## [What you have to do]
Return the records as they stand. No picture is to be included.

(Dataset excerpts)

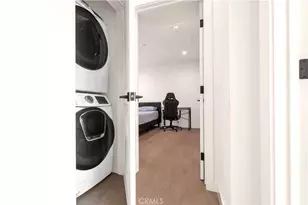 113 1/2 N Manhattan Pl, Los Angeles, CA 90004 - Photo 30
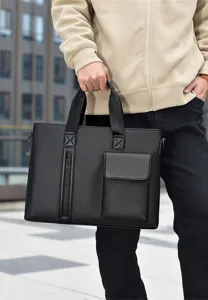 Borsa da lavoro classica nera da uomo con tasche per uso casual e professionale.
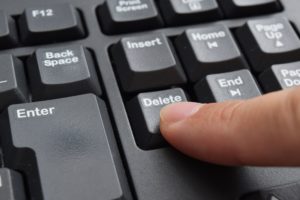 パソコンを譲渡する際の注意点について解説します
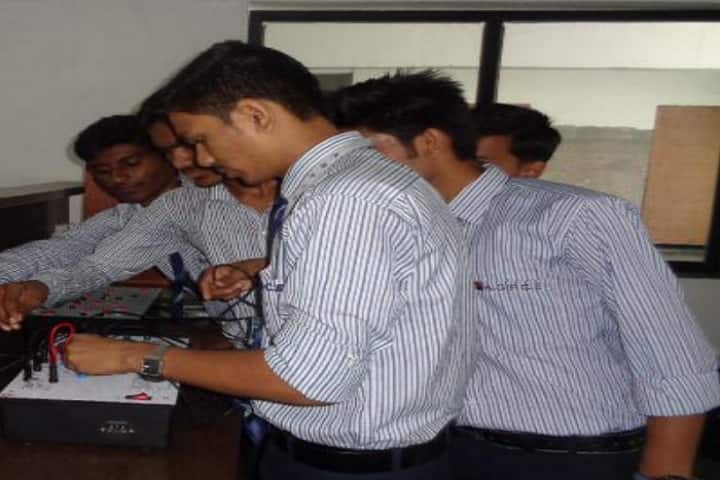 Abha Gaikwad-Patil College of Engineering, Nagpur campus photo 4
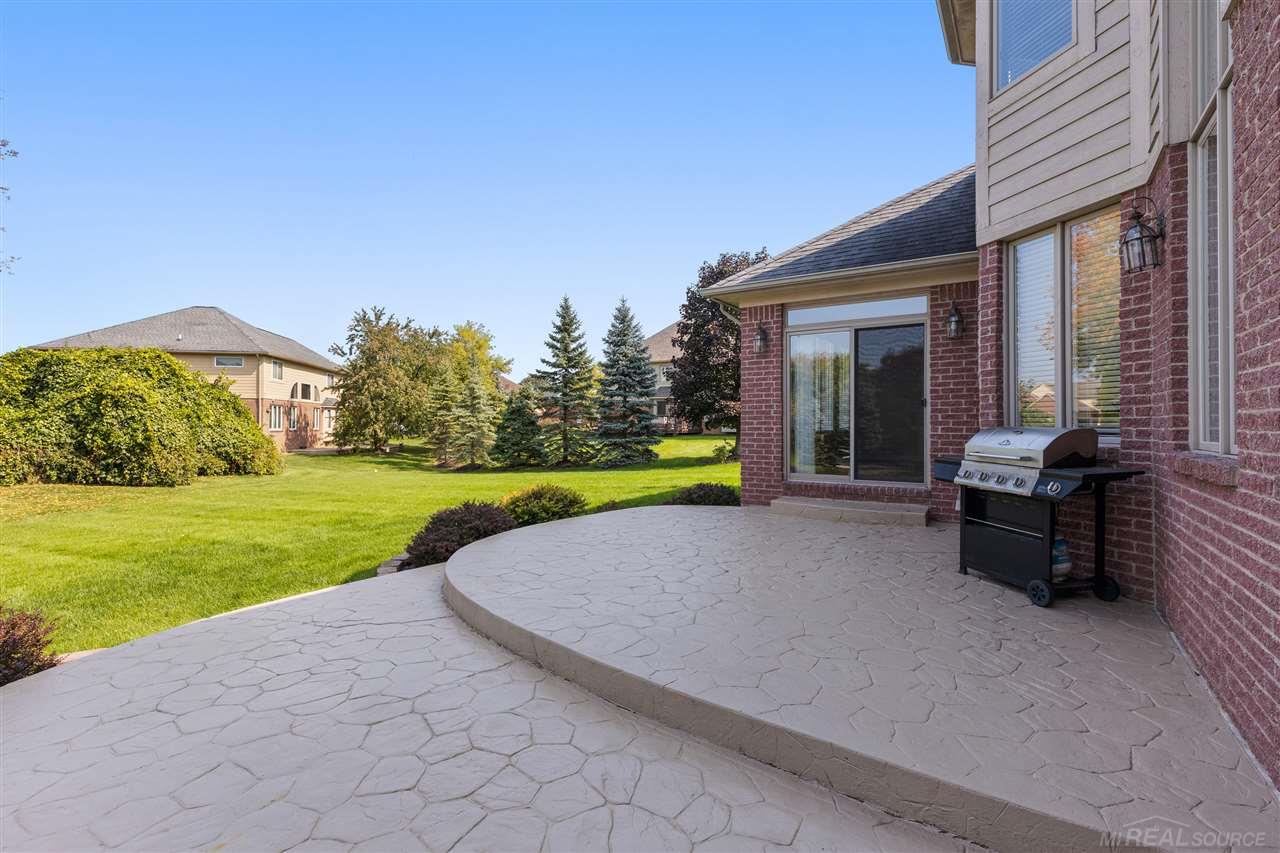 1158 Rochelle Park Drive Rochester Hills, MI 48309 - Photo 13 of 59
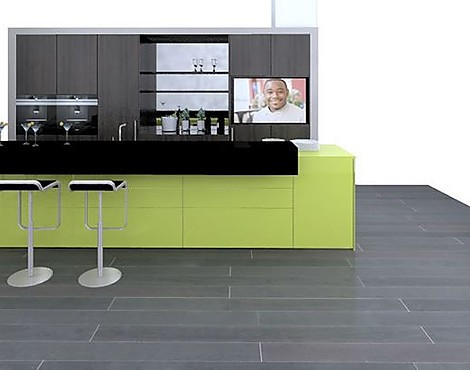 Warendorf N64 Eiche schwarz furniert kombiniert mit L17 Hochglanzfronten NCS S1060-G50Y grün - N64 Eiche schwarz furniert und L17 Hochglanz Lack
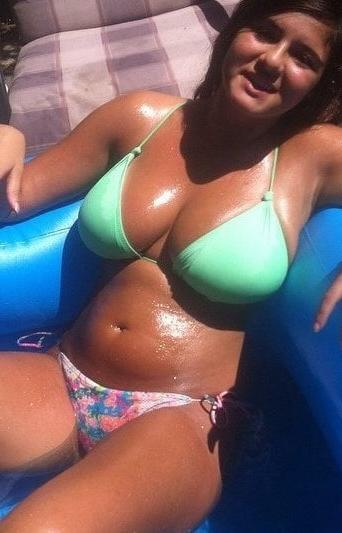 25P Voyeur - Hot moms at the beach #2
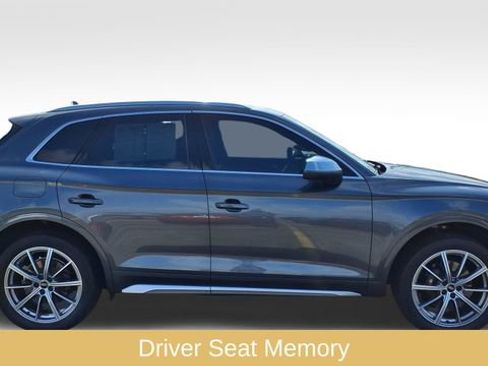 Used 2022 Audi SQ5 Premium w/ Convenience Package image 6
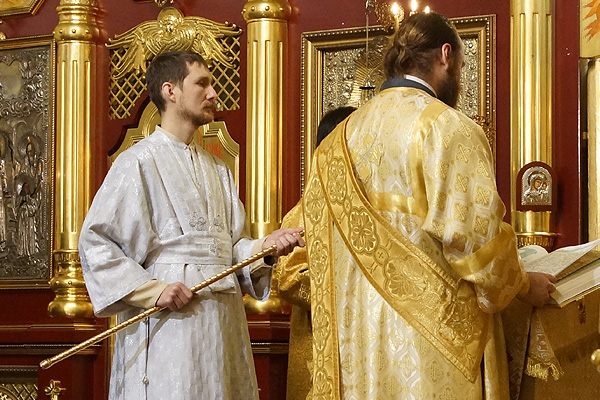 Архиерейское служение в Знаменском соборе в день памяти святителя Николая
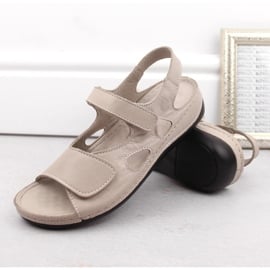 Skórzane sandały damskie na rzepy jasno szare T.Sokolski L24-158 6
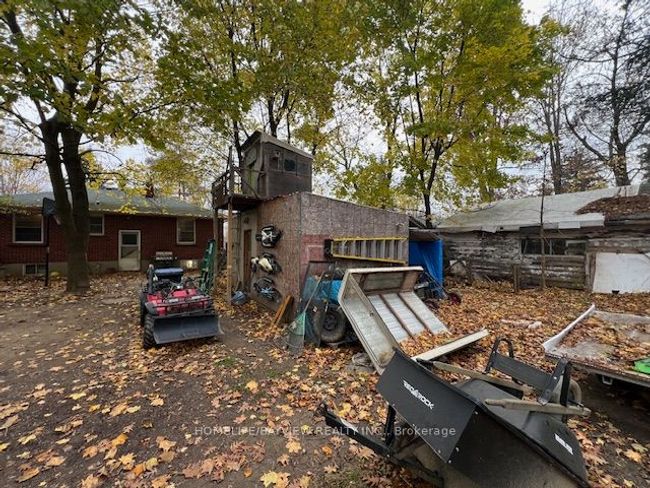 6465 King Rd, House other with 4 bedrooms, 2 bathrooms and 6 parking in Nobleton ON | Image 11
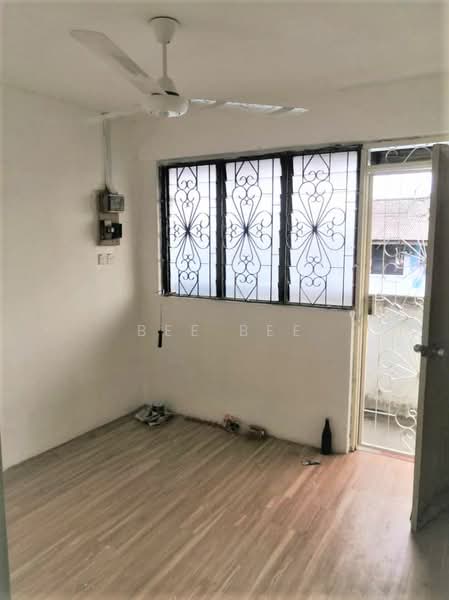 Flat for Sale at Flat Taman Ungku Tun Aminah - Bee Bee - PropertyGuru.com.my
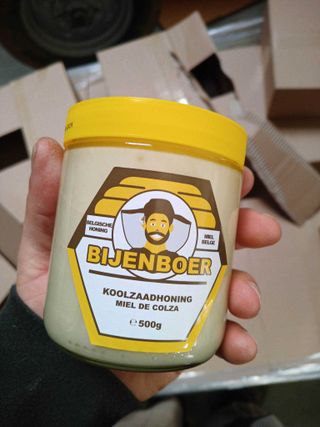 Pot met etiket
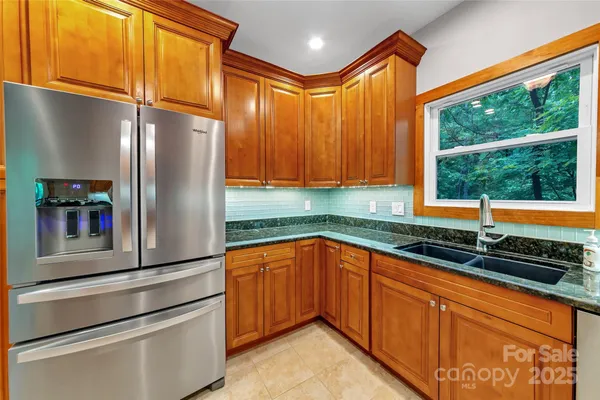 $395,000 | 220 Rainbow Terrace, Black Mountain, NC 28711
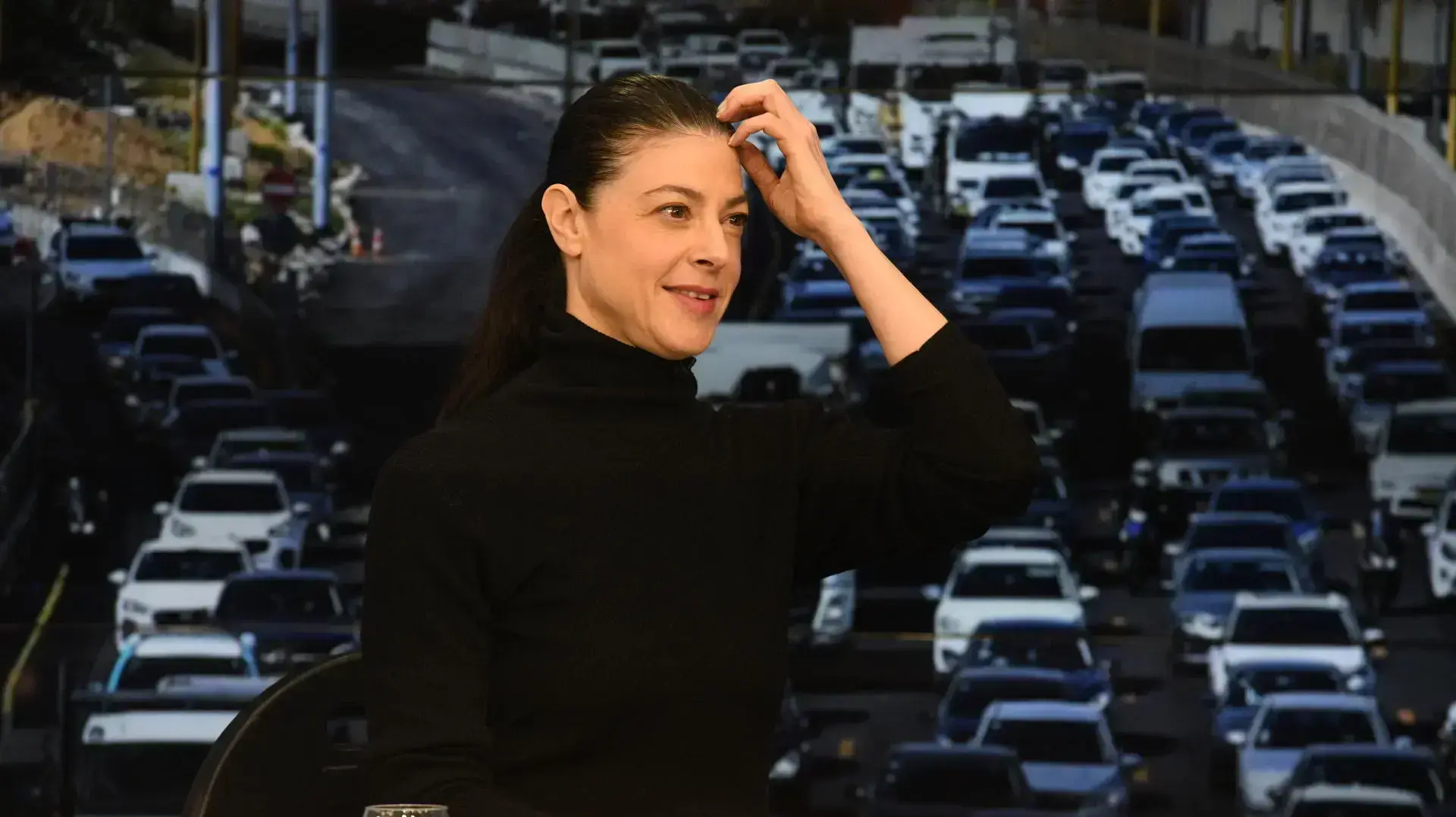 שרת התחבורה מרב מיכאלי בראיון באולפן וואלה, 9 בדמצבר 2021 שרת התחבורה מרב מיכאלי בראיון באולפן וואלה, 9 בדמצבר 2021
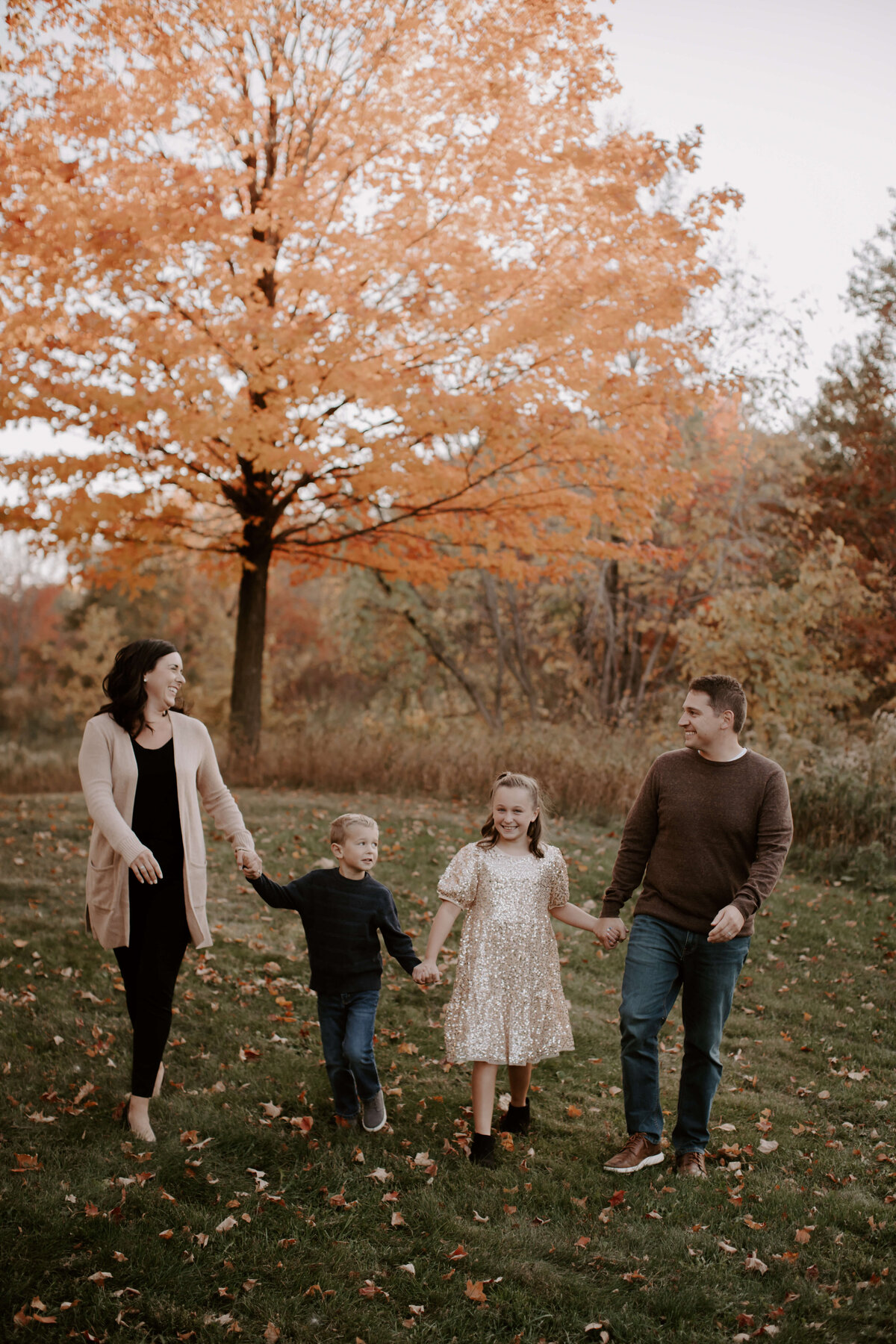 Fall-Mini-Session-Family-Photography-Woodbury-Minnesota-Sigrid-Dabelstein-Photography-Johnson-8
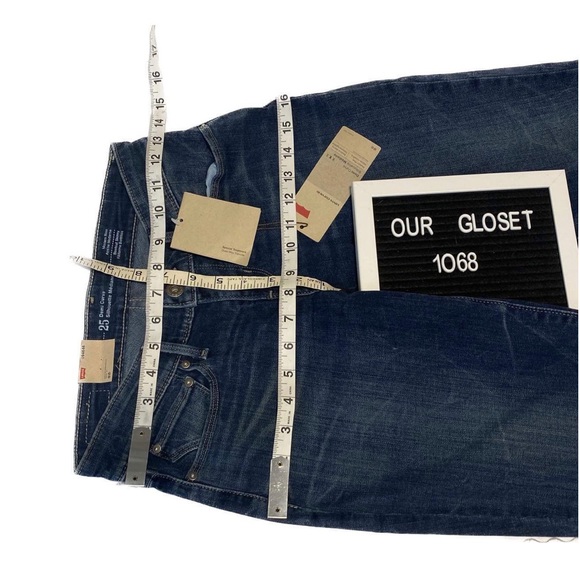 LEVI's, NWT, DEMI CURVE, Modern Rise, Bootcut Skinny Jeans. 25X32 inseam. - Picture 6 of 7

## [Written answer]
 113 1/2 N Manhattan Pl, Los Angeles, CA 90004 - Photo 30
 Borsa da lavoro classica nera da uomo con tasche per uso casual e professionale.
 パソコンを譲渡する際の注意点について解説します
 Abha Gaikwad-Patil College of Engineering, Nagpur campus photo 4
 1158 Rochelle Park Drive Rochester Hills, MI 48309 - Photo 13 of 59
 Warendorf N64 Eiche schwarz furniert kombiniert mit L17 Hochglanzfronten NCS S1060-G50Y grün - N64 Eiche schwarz furniert und L17 Hochglanz Lack
 25P Voyeur - Hot moms at the beach #2
 Used 2022 Audi SQ5 Premium w/ Convenience Package image 6
 Архиерейское служение в Знаменском соборе в день памяти святителя Николая
 Skórzane sandały damskie na rzepy jasno szare T.Sokolski L24-158 6
 6465 King Rd, House other with 4 bedrooms, 2 bathrooms and 6 parking in Nobleton ON | Image 11
 Flat for Sale at Flat Taman Ungku Tun Aminah - Bee Bee - PropertyGuru.com.my
 Pot met etiket
 $395,000 | 220 Rainbow Terrace, Black Mountain, NC 28711
 שרת התחבורה מרב מיכאלי בראיון באולפן וואלה, 9 בדמצבר 2021 שרת התחבורה מרב מיכאלי בראיון באולפן וואלה, 9 בדמצבר 2021
 Fall-Mini-Session-Family-Photography-Woodbury-Minnesota-Sigrid-Dabelstein-Photography-Johnson-8
 LEVI's, NWT, DEMI CURVE, Modern Rise, Bootcut Skinny Jeans. 25X32 inseam. - Picture 6 of 7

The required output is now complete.